An exact copy of each line below is needed, with no images in it.

> Source data:
----------------------------------------

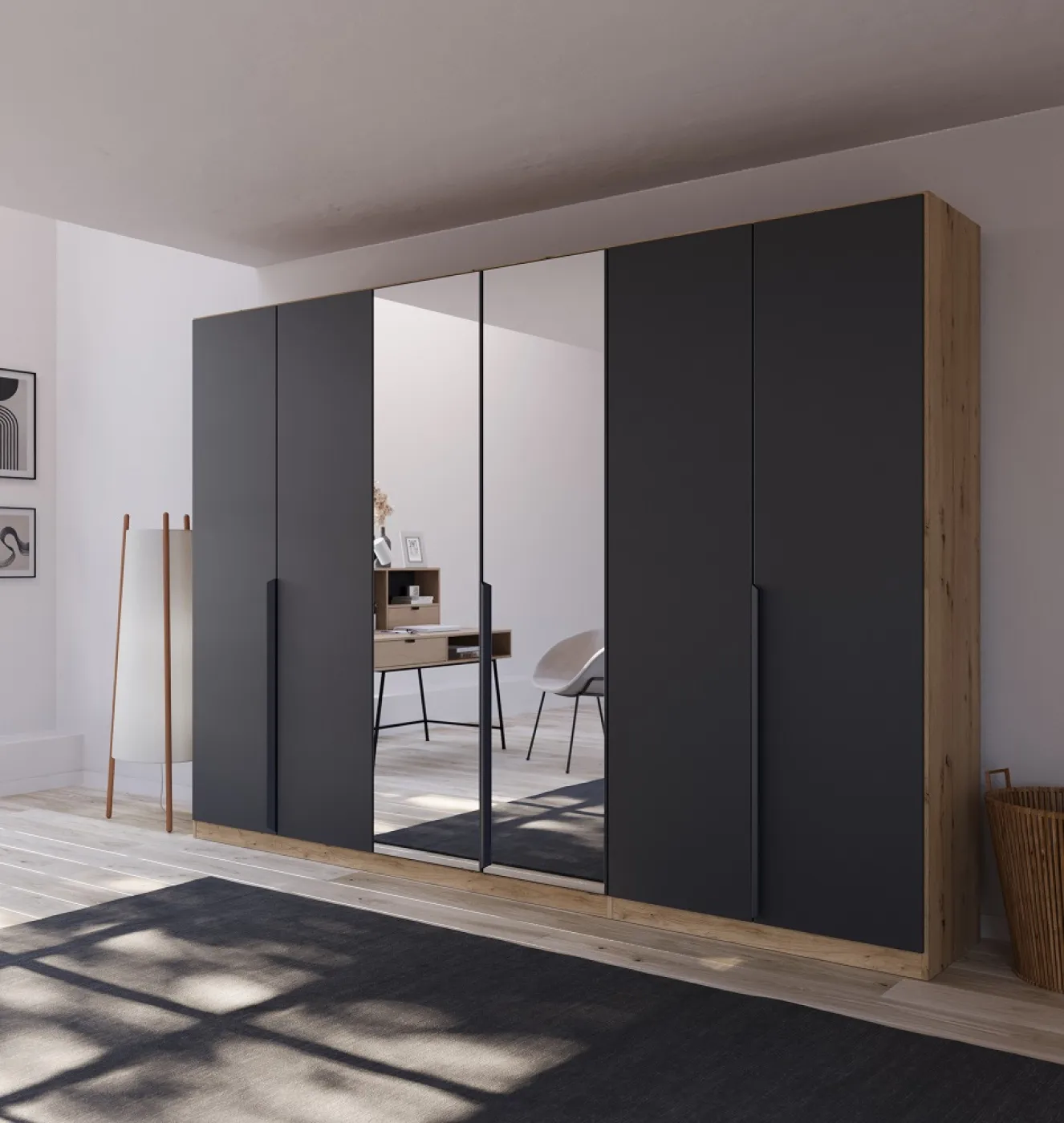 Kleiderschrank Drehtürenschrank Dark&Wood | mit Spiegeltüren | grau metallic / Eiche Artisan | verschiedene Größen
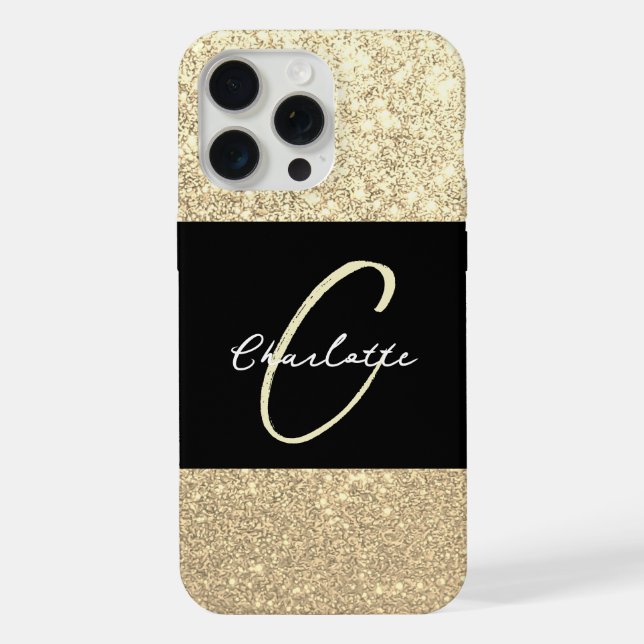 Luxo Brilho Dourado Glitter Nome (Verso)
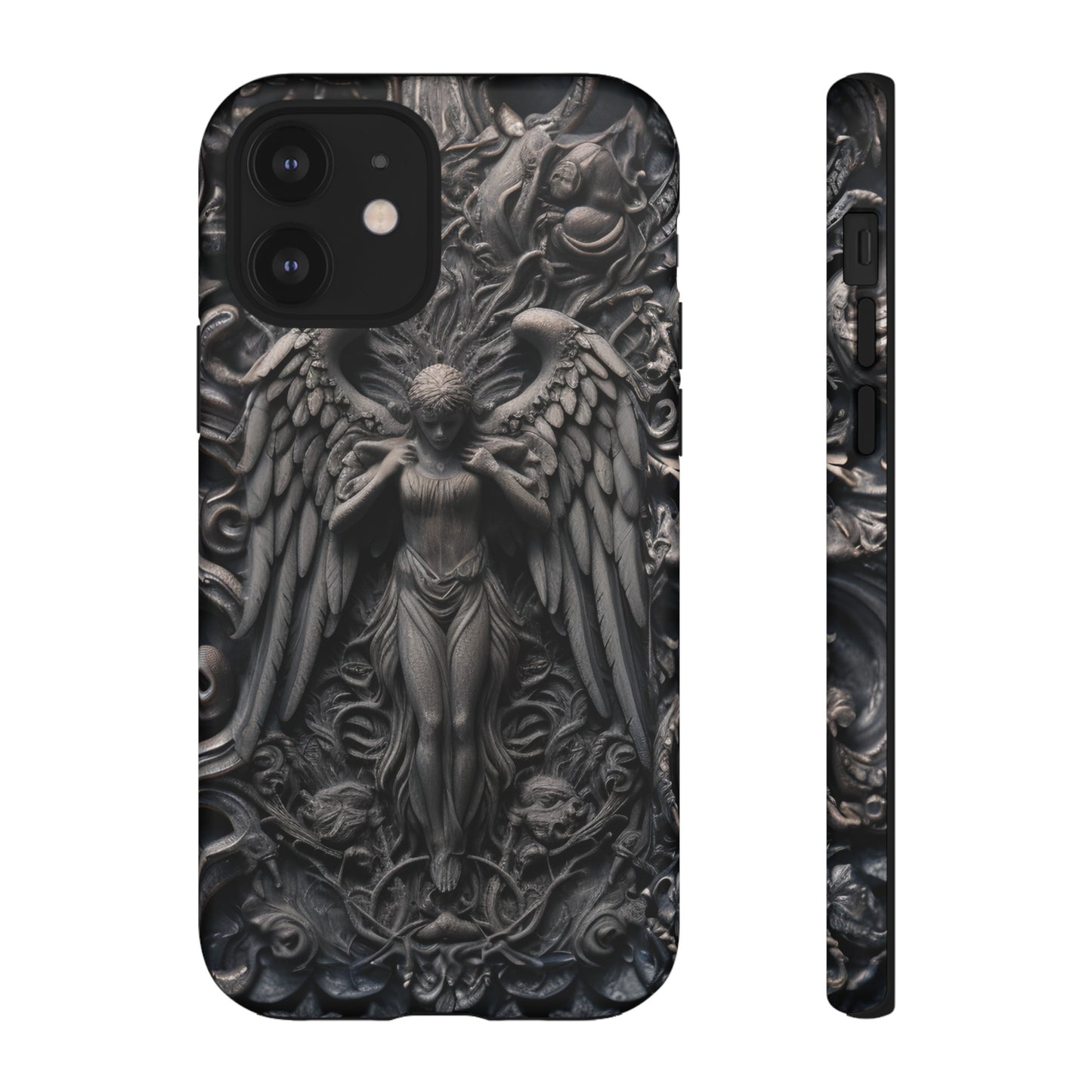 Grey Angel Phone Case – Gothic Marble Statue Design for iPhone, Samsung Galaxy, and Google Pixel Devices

----------------------------------------

> Worked solution:
 Kleiderschrank Drehtürenschrank Dark&Wood | mit Spiegeltüren | grau metallic / Eiche Artisan | verschiedene Größen
 Luxo Brilho Dourado Glitter Nome (Verso)
 Grey Angel Phone Case – Gothic Marble Statue Design for iPhone, Samsung Galaxy, and Google Pixel Devices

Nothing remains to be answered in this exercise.